Directed by: Thomas Giefer | 52 minutes | documentary
Patrice Lumumba. This name will undoubtedly not sound familiar to the Dutch. All the more for Belgians. Belgium had to give up Congo in 1960 and free elections were held. The first prime minister was Patrice Lumumba, a left-wing Congolese nationalist. Lumumba was later executed by soldiers of the renegade Katanga province following a coup d’état by General Mobutu. Belgian officers were present. He appeared to be the victim of an (inter) national power game between the United Nations, the United States, Russia, various Congolese political factions and the Belgian government.

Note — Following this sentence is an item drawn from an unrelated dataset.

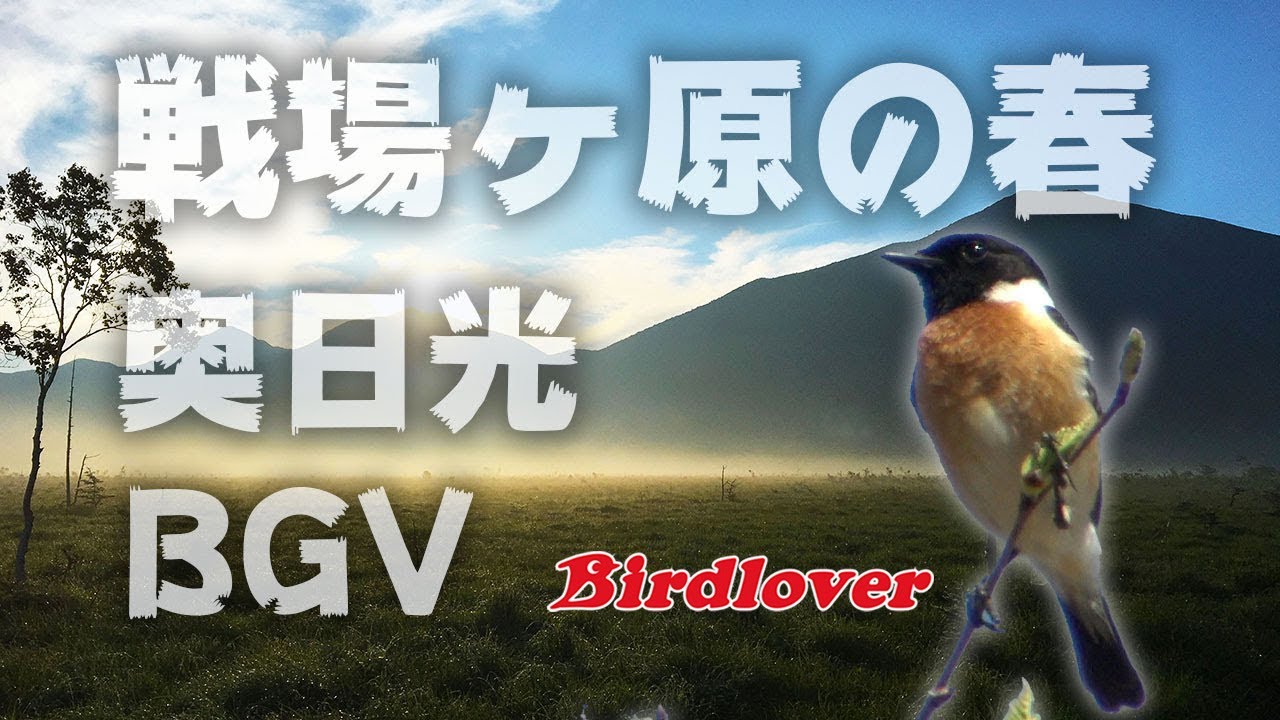 Nikko Senjyougahara Bgv Nature Sound Bird Song Youtube Nikko Senjyougahara Bgv Nature Sound Bird Song Youtube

Giefer’s documentary is a collection of interviews with a few people who were close to the events of the time surrounding the rise and fall of Lumumba. Belgian diplomats and soldiers are interviewed, but also a CIA agent and a military advisor for the UN. The events are told in chronological order based on their testimonies. Striking in contrast to the contributions of these political figures are interviews with Lumumba’s son and daughter. They symbolize the injustice and the cry for justice that speaks clearly from this documentary. Why and by whom was Lumumba murdered? And why have none of the perpetrators ever been brought to justice?
The strong side of this documentary is the chilling carelessness with which the Belgian secret service employees and Belgian diplomats involved tell about the events surrounding Lumumba’s death. They still speak of Lumumba’s death as a necessary elimination of a tormentor for Belgian interests. One of the men, who was responsible for getting rid of Lumumba’s corpses and two others, even has “war trophies” that he displays with misguided pride. You may wonder if these individuals have never repented of their actions. The reactions of the men speak for themselves in that regard.
Although the documentary does not elaborate on the statements of those involved and does not present deeper historical research about colonial and political relations, it can be considered by many as an eye opener and a start for further questioning of the precise circumstances surrounding Lumumba’s death and the role of the international community. At the very least, the average Belgian will be able to look at recent Belgian history with a different eye.